Data supplied: Begin
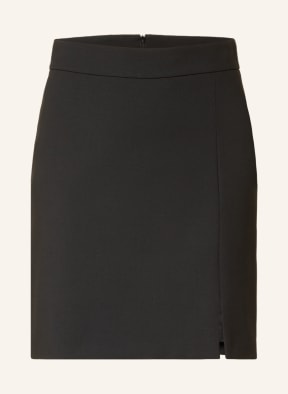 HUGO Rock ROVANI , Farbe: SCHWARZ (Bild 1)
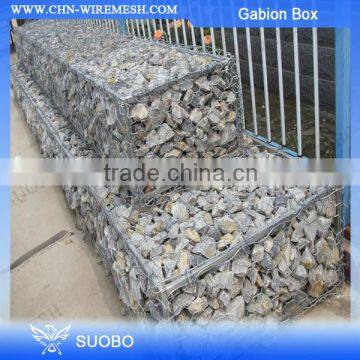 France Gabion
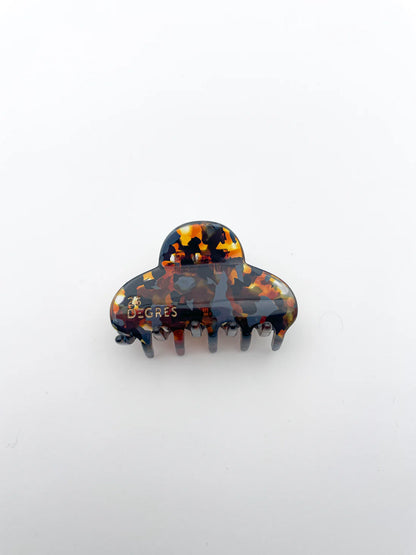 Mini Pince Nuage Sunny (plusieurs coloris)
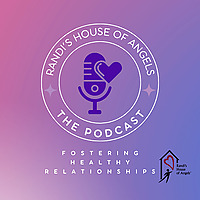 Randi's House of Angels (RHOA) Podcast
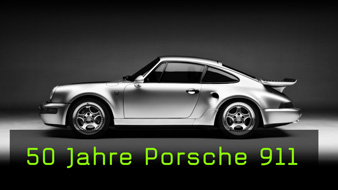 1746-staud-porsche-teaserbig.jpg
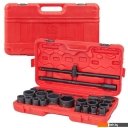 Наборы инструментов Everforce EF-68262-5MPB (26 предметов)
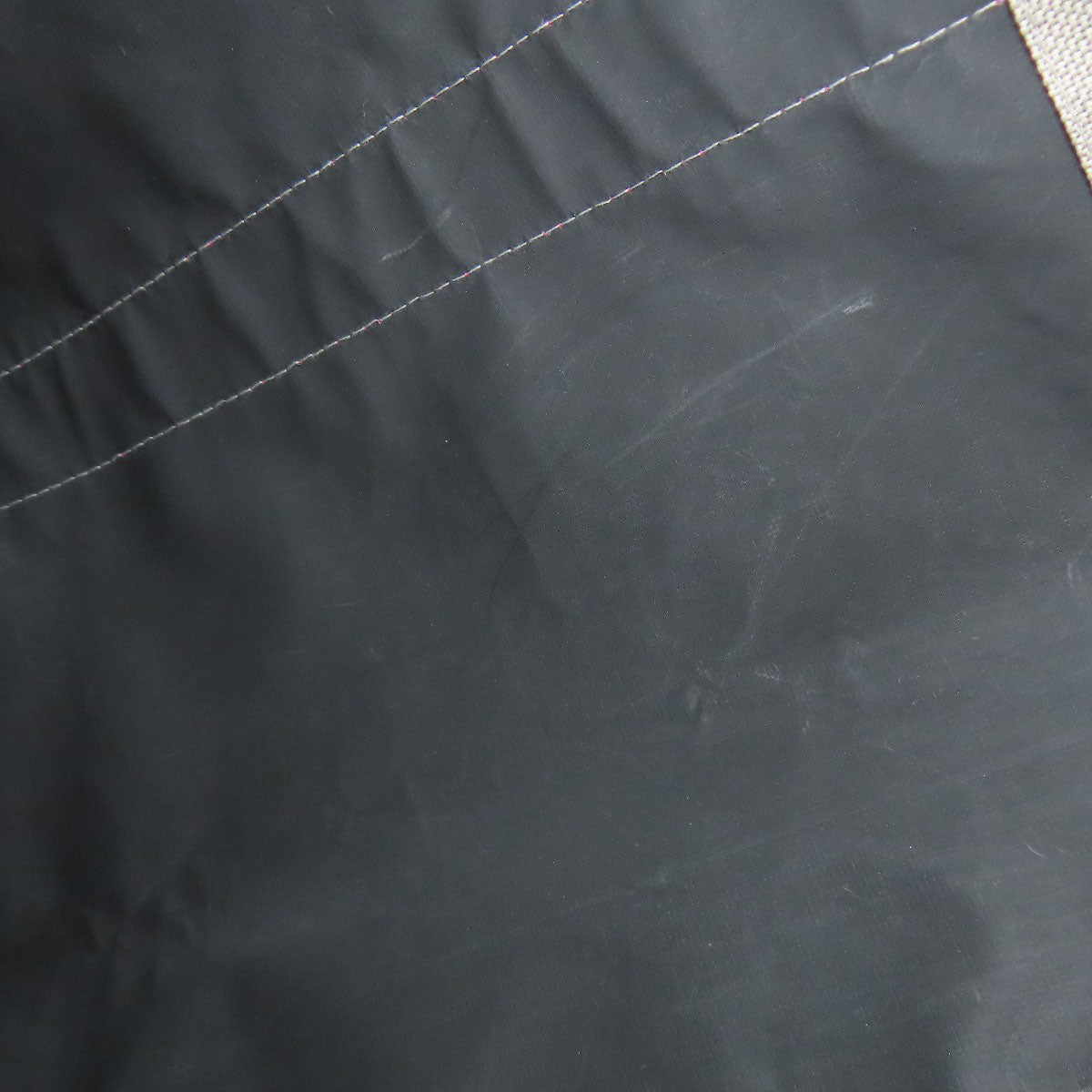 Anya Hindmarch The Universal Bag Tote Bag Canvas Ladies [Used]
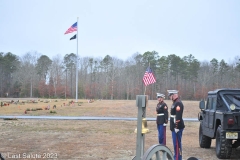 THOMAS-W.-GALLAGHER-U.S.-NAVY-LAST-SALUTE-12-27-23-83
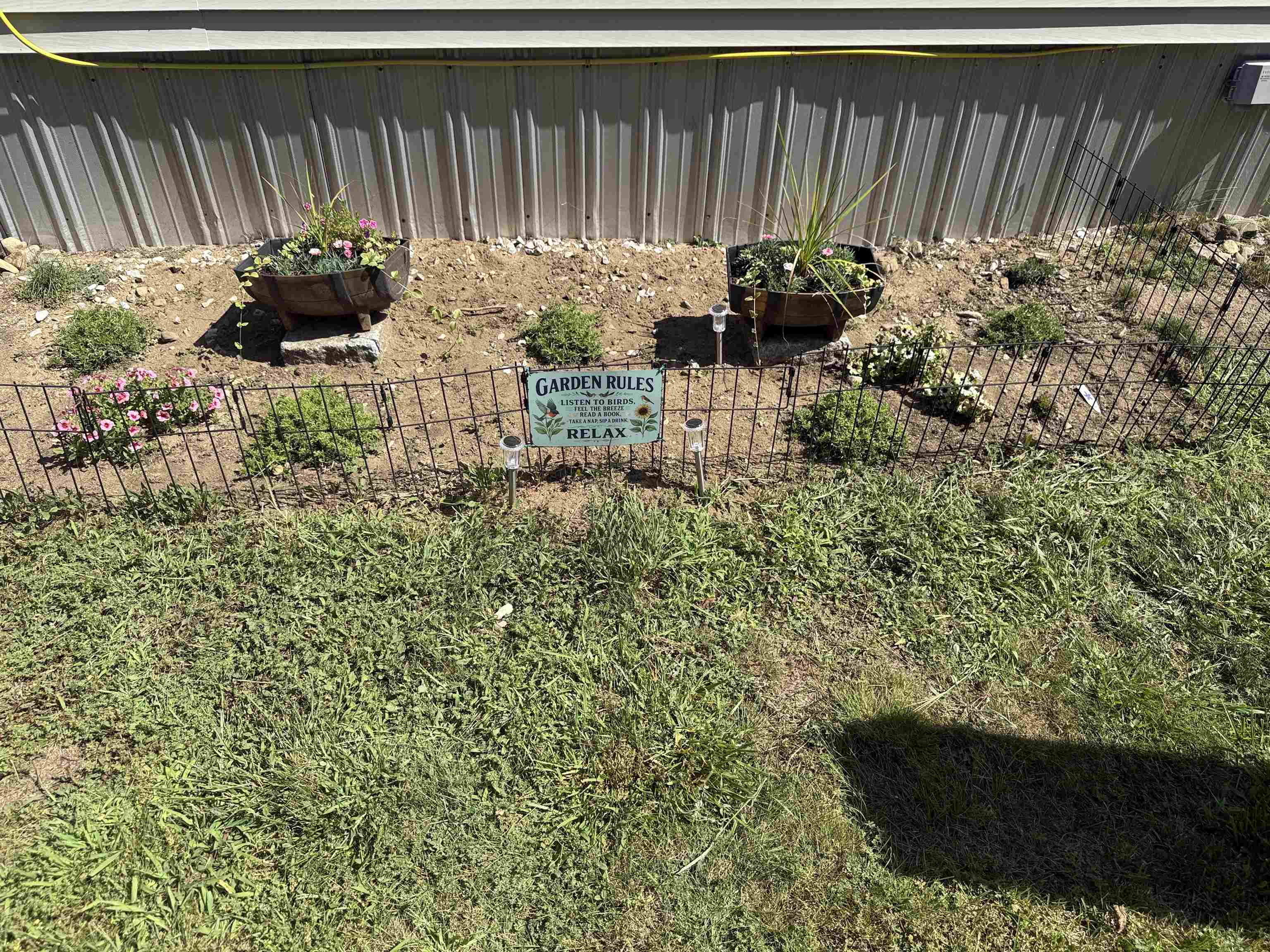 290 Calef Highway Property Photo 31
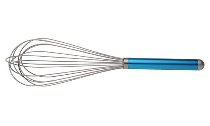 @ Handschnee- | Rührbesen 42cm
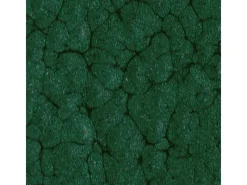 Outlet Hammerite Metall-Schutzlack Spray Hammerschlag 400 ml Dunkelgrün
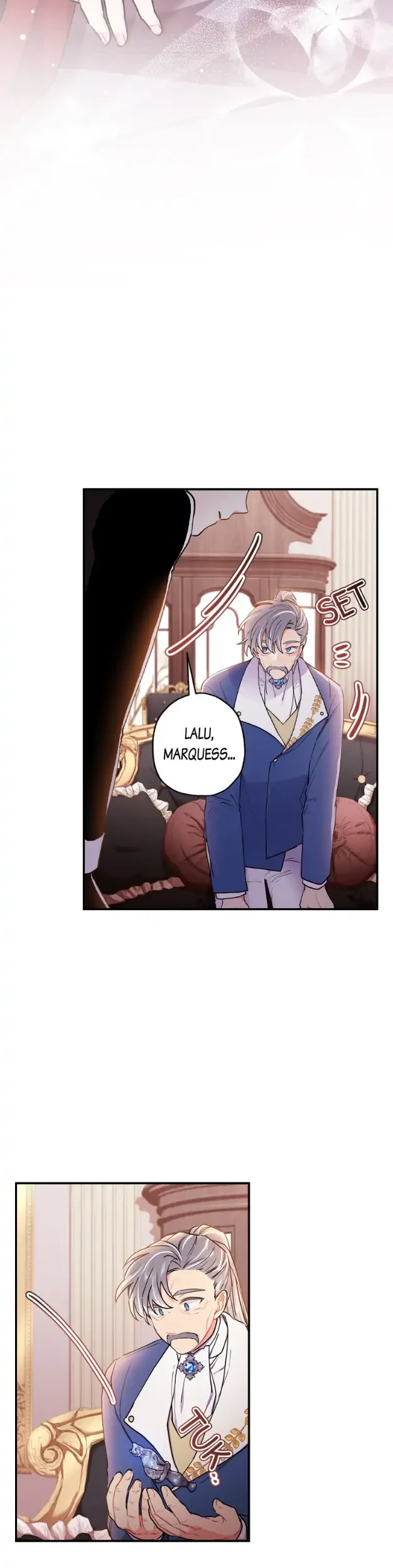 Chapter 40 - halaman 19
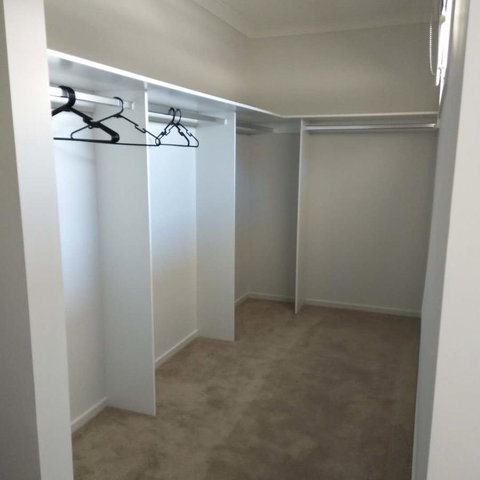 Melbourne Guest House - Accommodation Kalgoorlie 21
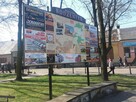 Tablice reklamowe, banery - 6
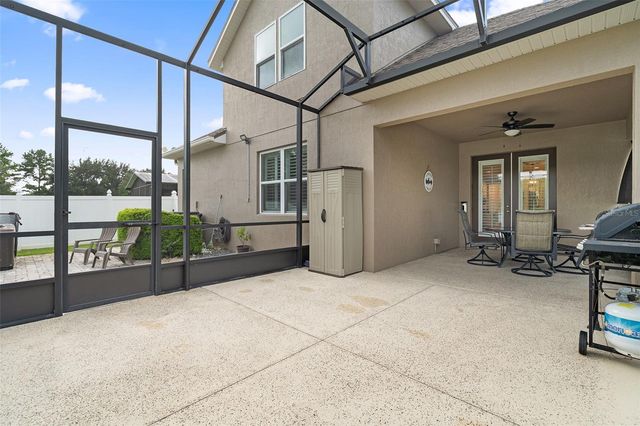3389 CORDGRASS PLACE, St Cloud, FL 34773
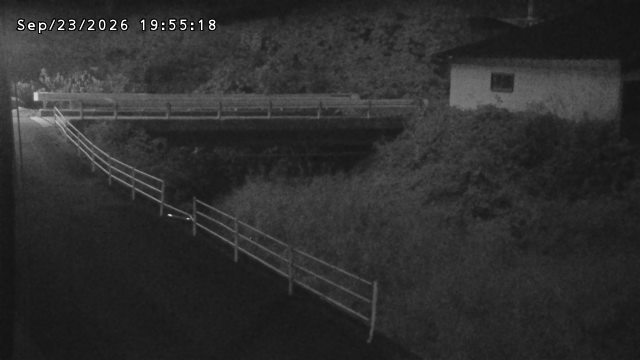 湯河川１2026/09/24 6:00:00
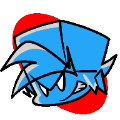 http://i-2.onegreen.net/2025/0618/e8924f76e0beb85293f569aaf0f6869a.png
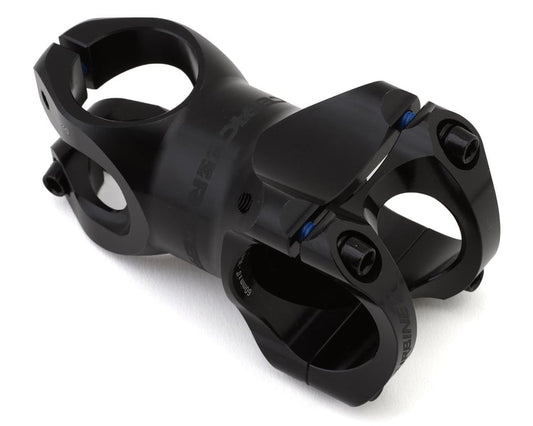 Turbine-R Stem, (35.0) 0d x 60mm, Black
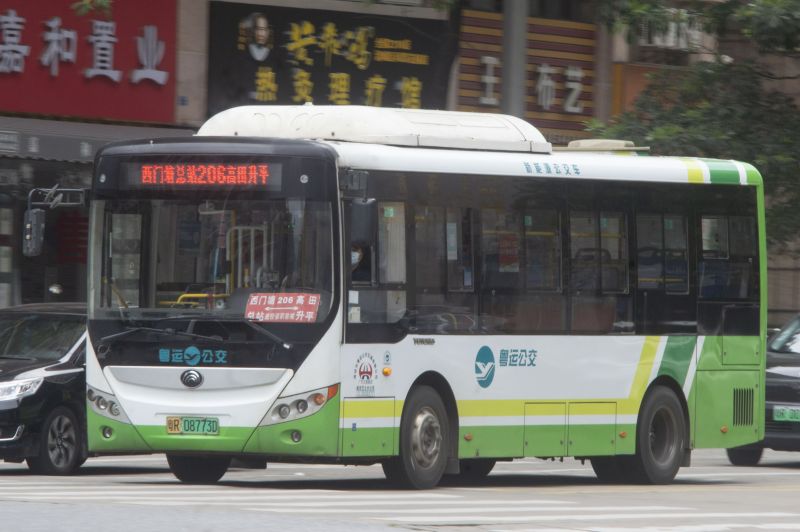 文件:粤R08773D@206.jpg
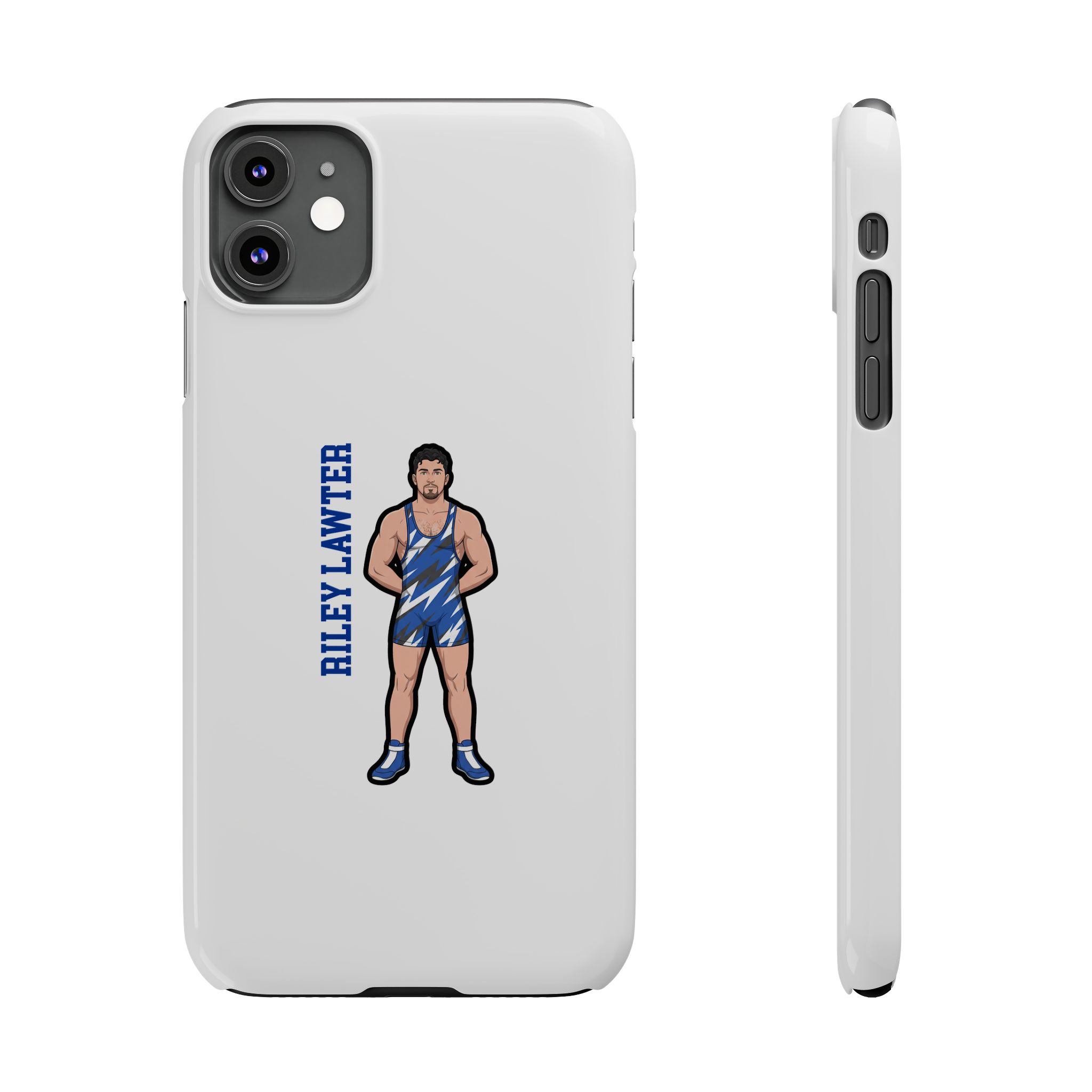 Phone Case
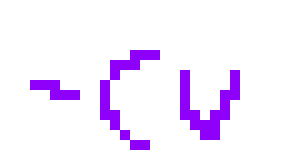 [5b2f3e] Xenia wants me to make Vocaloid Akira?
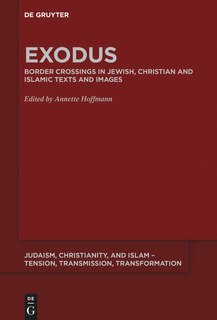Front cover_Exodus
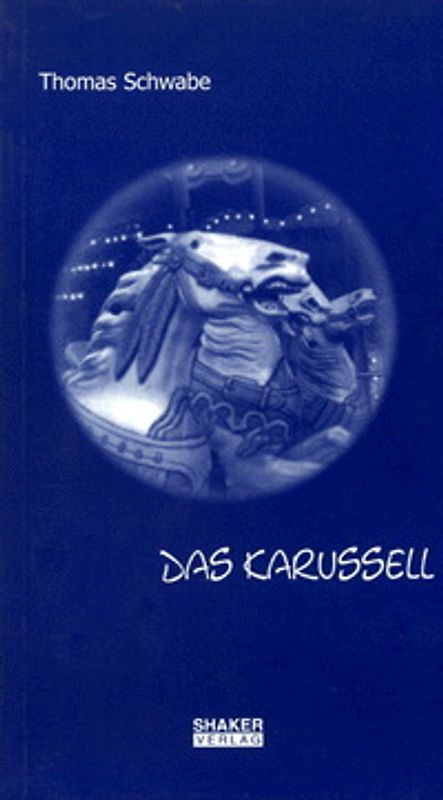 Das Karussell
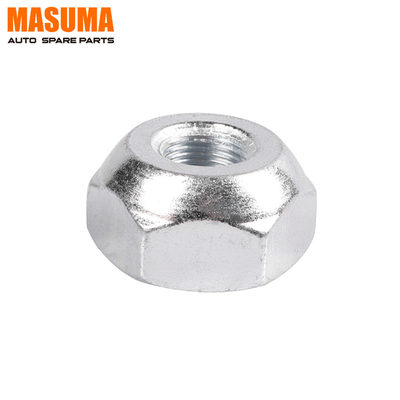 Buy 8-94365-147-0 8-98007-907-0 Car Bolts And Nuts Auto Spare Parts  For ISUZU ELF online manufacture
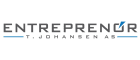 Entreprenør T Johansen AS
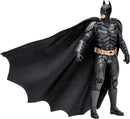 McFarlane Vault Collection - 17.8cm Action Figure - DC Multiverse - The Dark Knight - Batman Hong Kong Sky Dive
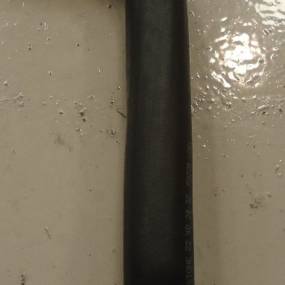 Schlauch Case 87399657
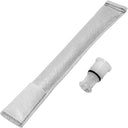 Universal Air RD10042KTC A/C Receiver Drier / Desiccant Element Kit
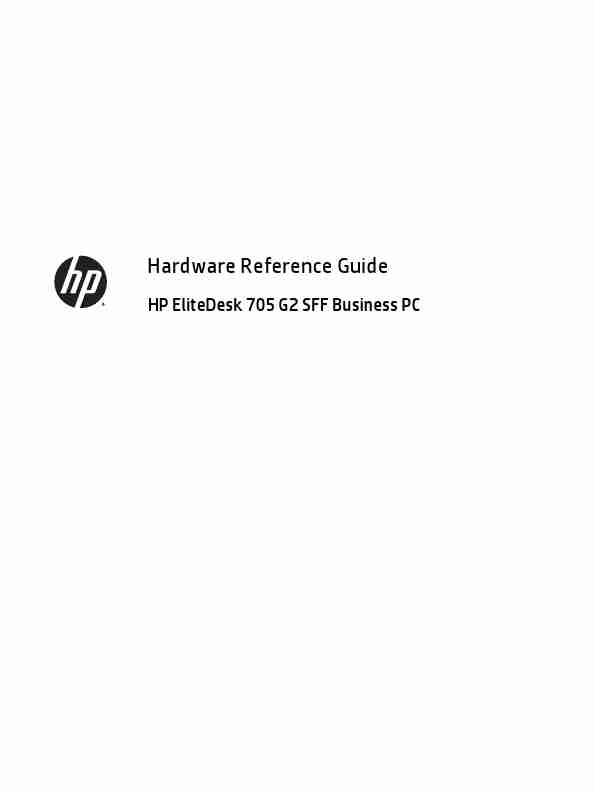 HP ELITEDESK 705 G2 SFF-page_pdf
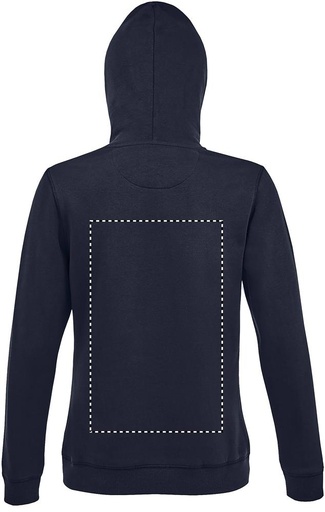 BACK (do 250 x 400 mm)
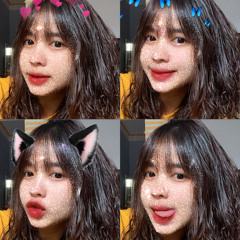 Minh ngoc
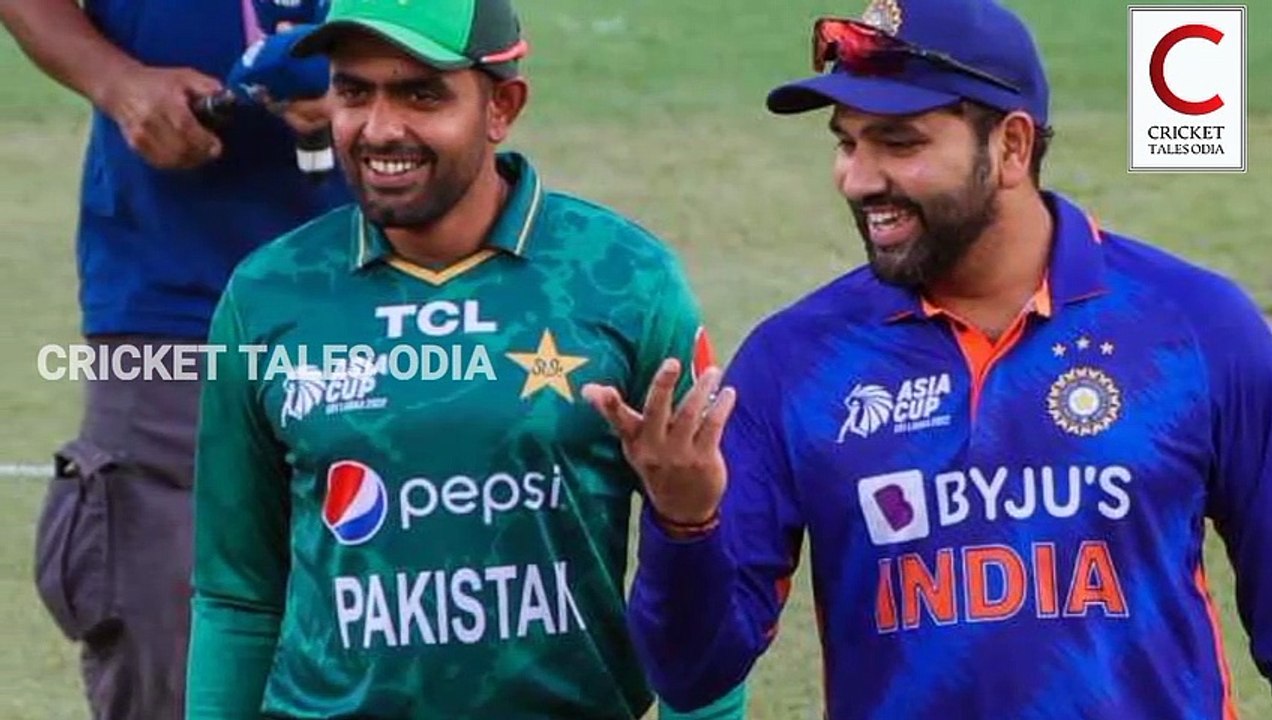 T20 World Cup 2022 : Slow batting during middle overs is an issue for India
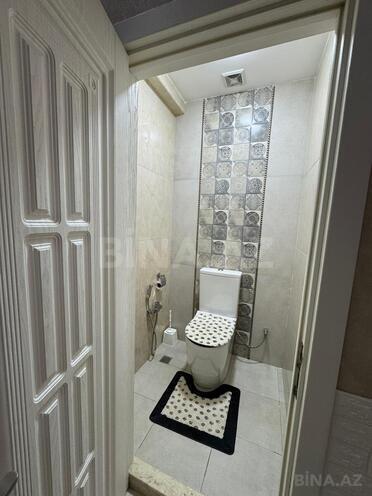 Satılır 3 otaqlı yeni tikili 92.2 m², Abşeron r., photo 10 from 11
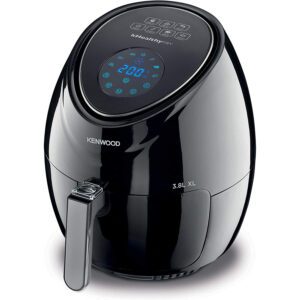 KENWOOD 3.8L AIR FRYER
Data supplied: End
◆ Requirement
Starting at the line above with "McFarlane Vault Collection", output every line exactly up to and including the line with "Satılır 3 otaqlı", but none of the pictures.

◆ Result
 McFarlane Vault Collection - 17.8cm Action Figure - DC Multiverse - The Dark Knight - Batman Hong Kong Sky Dive
 Schlauch Case 87399657
 Universal Air RD10042KTC A/C Receiver Drier / Desiccant Element Kit
 HP ELITEDESK 705 G2 SFF-page_pdf
 BACK (do 250 x 400 mm)
 Minh ngoc
 T20 World Cup 2022 : Slow batting during middle overs is an issue for India
 Satılır 3 otaqlı yeni tikili 92.2 m², Abşeron r., photo 10 from 11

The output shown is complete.